Brewers such as Mr. Johnston would still have access to existing venues, including the LCBO, grocery stores, bars and restaurants, but carving out space in corner stores would be key to tapping new customers and picking up sales from existing ones who may move their purchases to convenience stores instead.

“Ontario is by far our most important market. For most Ontario craft brewers, it is their only market, so to hear that your livelihood may change drastically, is a very scary thing," Mr. Johnston said.

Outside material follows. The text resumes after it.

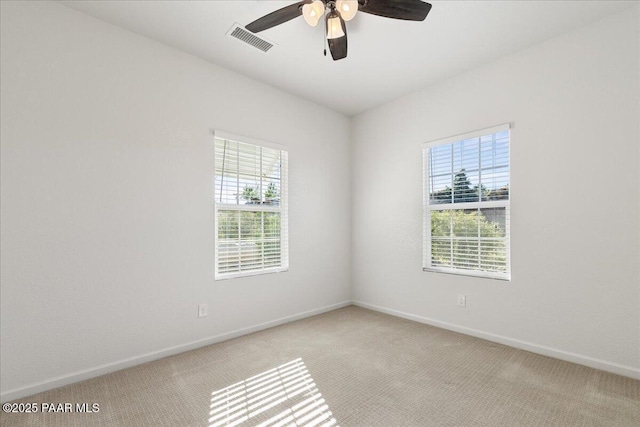 spare room featuring light carpet, plenty of natural light, and baseboards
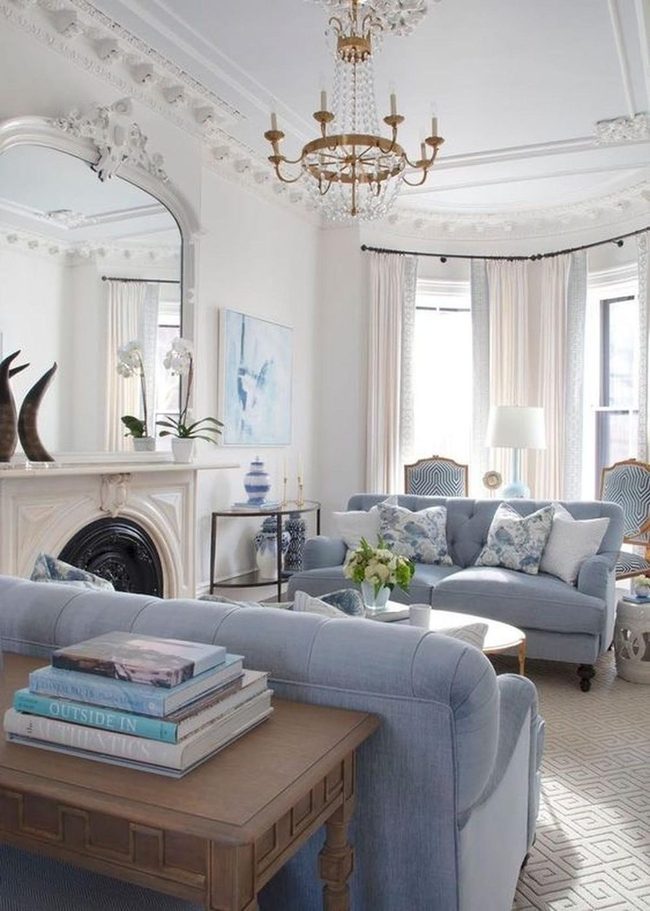 Light Blue Sofas And Mirrored Calm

When the Ford government announced it was mulling Beer Store reforms, it trumpeted the move as a way to benefit craft brewers and bring consumers more choice by breaking up the monopoly held by the foreign brewing giants behind Labatt, Molson and Sleeman, which own the Beer Store and its hundreds of locations. Under a 10-year agreement signed with the previous Liberal government in 2015, beer was permitted to be sold in several hundred grocery stores, but the Beer Store retained its long-held, exclusive right to sell beer in 12- and 24-packs. The trio of big brewers has threatened legal action and warned about financial penalties should the agreement end.

Legislation killing the agreement was passed June 6, but has yet to be proclaimed.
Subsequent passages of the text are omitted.